Bryan Pearce specialised in paintings of his home town, St Ives, and the surrounding Penwith area, drawn in typically flat style, with areas of bright colour surrounded by heavy outlines, like stained glass. His learning disabilities gave his art, in the words of Peter Lanyon, an “awareness more direct” than pure observation. Lanyon also said that “Because his sources are not seen with a passive eye, but are truly happenings, his painting is original”, and “It is necessary to accept these works as the labour of a man who has to communicate this way because there is no other.” His art has been compared to that of Alfred Wallis.
Guided by Denis Mitchell, he joined the Penwith Society of Arts in 1957, and the Newlyn Society of Artists. He had his first solo exhibition at the Newlyn Gallery near Penzance in 1959, and his first solo exhibition in London at the St Martin’s Gallery in 1962. Retrospectives were held at various venues from 1966 to 2004, particularly at Penwith Gallery in 1966, the Museum of Modern Art in Oxford in 1975, the Royal Cornwall Museum in Truro in 2000, and the Victoria Art Gallery in Bath in 2004.
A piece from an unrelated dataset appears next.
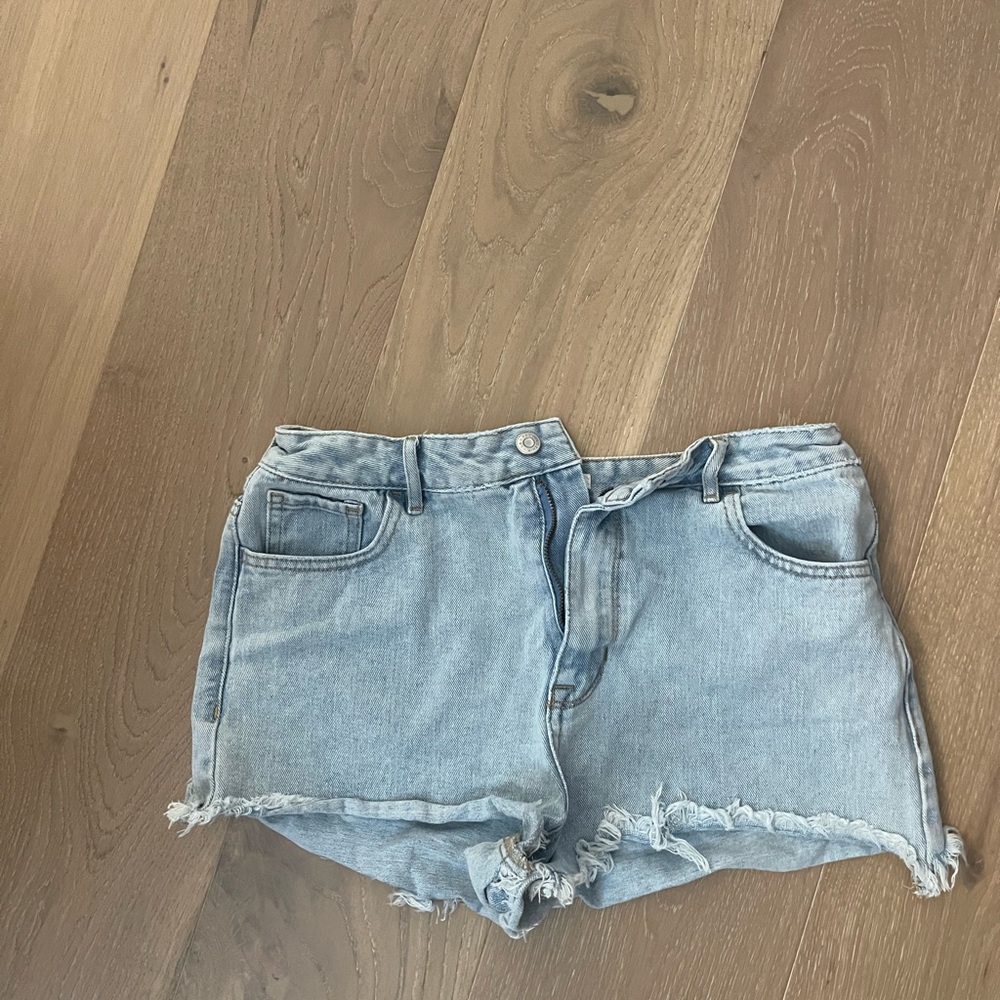 PacSun size 28 jean shorts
Examples of his work are held by many public galleries. His business affairs were dealt with first by his family and ultimately by trustees, enabling him to concentrate on his art. In the second half of his career a good deal of his work was produced and sold in the form of prints in relatively small signed, numbered editions. Some of these were small hand-made etchings, with which the artist had a ‘hands on’ creative involvement; others were full size screenprints made by printer-craftsmen ‘after’ works in other media. The latter certainly render just over twenty of Pearce’s original images, with their pure, expansive areas of specific colours, extremely convincingly.